I can imagine that the crib I CHEWED on as a baby probably had lead paint


----------



## freddy1962 (Feb 27, 2014)

Good thing to bring up Jim. Pretty much all antique furniture has lead paint on it.


----------



## littlecope (Oct 23, 2008)

Good Warnings Jim!
It's my understanding, that Lead was added (especially to House Paint) to keep Mold from growing on siding, it kills any Mold that tries to make a home on it…
Unfortunately, it can kill anything that ingests or inhales too much of it…
The up-side is, if you leave it alone, it won't hurt you!


----------



## kelvancra (May 4, 2010)

Lead paint isn't that big a deal. Do what I do, go take a IQ test twice. For example, I scored sixty-five both times. Sixty-five and sixty-five is a hundred thirty, which puts me about or above average (when you consider certain voters).


----------



## mojapitt (Dec 31, 2011)

Easy to forget. Thanks for the reminder.


----------



## a1Jim (Aug 9, 2008)

Thanks guys for responding ,I noticed a lot more views than responses as is normal, but that was my whole point in posting this is to remind folks or inform them if they were not aware of the dangers involved.


----------



## stefang (Apr 9, 2009)

Good reminder Jim. I can remember the old lead paint which was used on just about everything painted at one time. The worst thing for me was working around both lead paint and asbestos, something we had a lot of on ships in 1957 when I went into the Navy. I can imagine that the worst effect was probably caused by babies chewing on their cribs, as mentioned by Joe.

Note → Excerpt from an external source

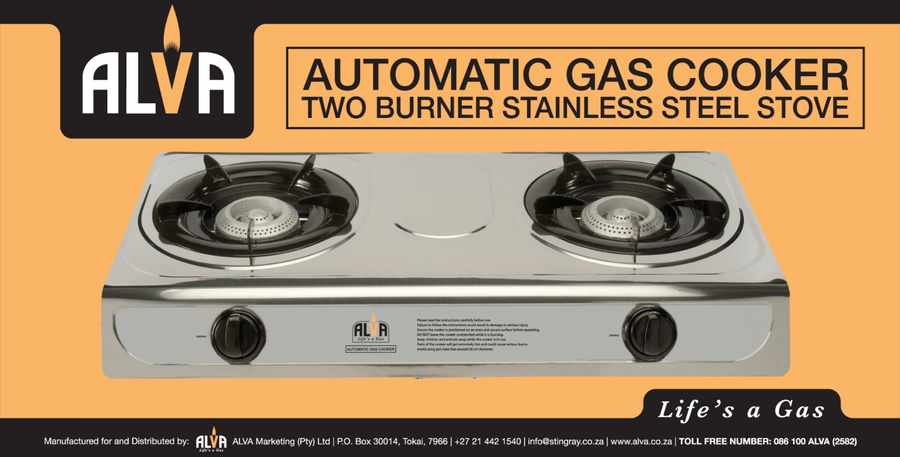 Alva 2-Burner Stainless Steel Gas Stove - Alva 2-Burner Stainless Steel Gas Stove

My exposure to lead in the Navy has caused me to make many mistakes on my woodworking projects even though most believe it's just a lack of skill on my part.


----------



## bold1 (May 5, 2013)

A good reminder. Most of us grew up with lead paint and don't think about it since it doesn't really cause adults a problem unless it's in massive or long term low doses. But children and fetus's are very quickly affected. Makes a fellow wonder how many children were sickened or died years ago, without the parents having a clue.


----------



## a1Jim (Aug 9, 2008)

Wow Mike you really had more than your share of toxins .lot's of folks think you have to chew on lead base paints for it affect you but from what I've read it can be transferred through touch of inhaling its partials.

bold1
It does make you wonder ,it also can cause brain damage in youngsters.


----------



## SCOTSMAN (Aug 1, 2008)

Thanks JIM as always.This ! I have learned over the years is why many of the Roman emperors became mad they used lead for eating off plates etc and after many years it did so much brain damage to many many people. Alistair


----------



## a1Jim (Aug 9, 2008)

Your right Alistair in fact they used lead pipes for their water supply.


----------



## Yonak (Mar 27, 2014)

"My exposure to lead in the Navy has caused me to make many mistakes on my woodworking projects …."

Excellent, stefang ! I never thought of that one. Do you mind if I use it next time I screw up bad in my shop ? I'm thinking it could come in handy next time I forget our anniversary, too.


----------



## littlecope (Oct 23, 2008)

The Romans used Lead for their Water Conduits too Alistair… It was (and is) easily worked and never rusts… 
On the Periodic Table, Lead is abbreviated Pb, from the Latin Plumbum (hence, the modern Plumbing)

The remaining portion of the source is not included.